My initial setup consisted of a cheap 1A PSU along with a usb keyboard/mouse and the HDMI output fed to DVI monitor. Deploying the debian build is relatively painless as long as you are PC literature to do so. I found the PI to be slow at booting and Debian although workable slightly basic. If  you are looking to use the PI as cheap 'Browsing' solution then its not for you! The default Midori just about manages to display pages and a little patience is required. This does bring me onto another point, if we expect kids to use these for projects then I suppose you would expect to 'google' while developing. Not sure how practical it is to do both on the PI.

Next I moved onto the Arch Linux image, having being introduced to Arch while working on my O2 Joggler and I had higher hopes of its usability although potentially it require more effort to deploy a usable build. Furthermore the ARM port is not as mature as the x86 builds. Arch Linux definitely runs faster although again the booting is slow. I got LXDE up and running although Midori and NetSurf browser failed to start when launched and I didn't have time to debug the issue.

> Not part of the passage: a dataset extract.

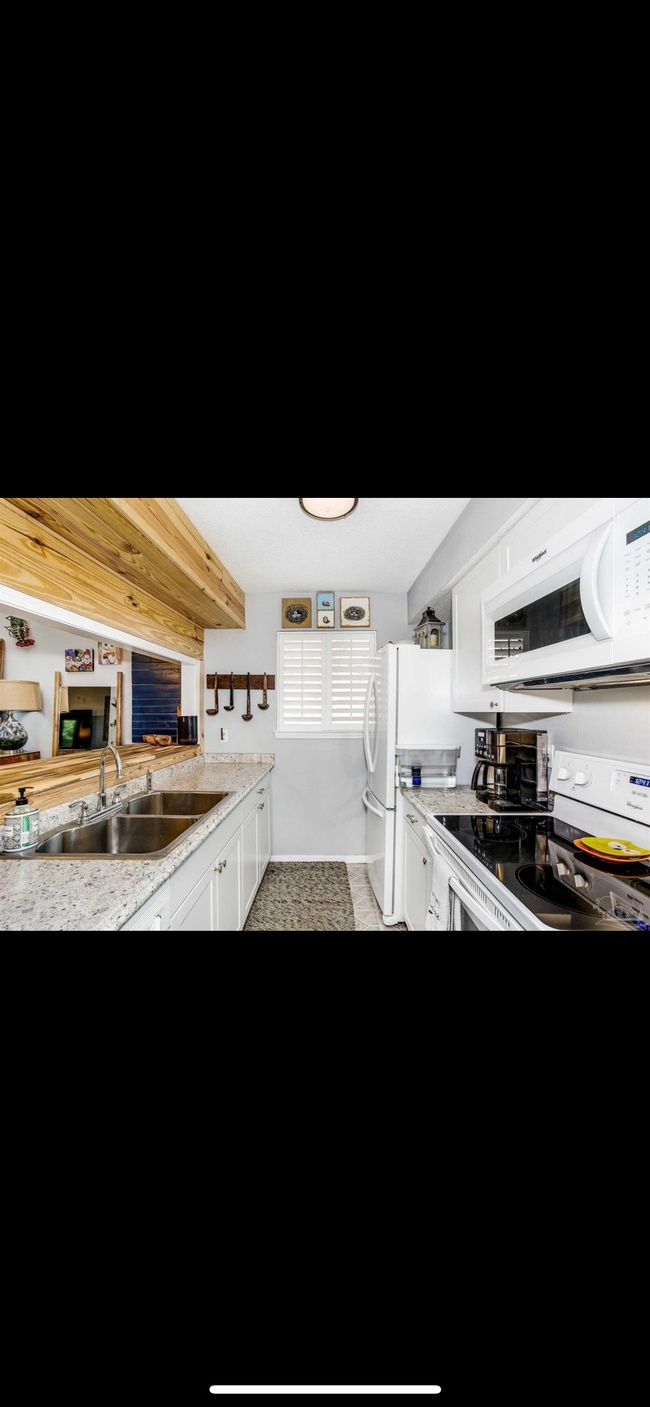 Building Photo - 4259 Brookside Dr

I also tried to use the PI which a powered laptop usb hub (Targus), I plugged an old PS/2 keyboard and mouse into the hub. These wouldn't work with the PI again something that may need to be addressed if we want to these to be deployed in schools where older PC equipment may be prevalent.

I purchased the PI for 2 reasons, firstly as a 'cheap' development board for my own hobby use and secondly as an introduction for my young children to software development.

On the first point I have a number of uses of the PI  for my hobby projects. Even then I think theres probably a fair  percentage of potential purchasers who may be disappointed as the PI is relatively low spec ARM board.

On the second point the juries out. I'd say there's a fair bit of knowledge required to configure the PI as the kid friendly device, as of now I'd say the software isn't there. However I guess this is where innovation and creativity comes into the picture, so I'll have to find a way to make it kid friendly!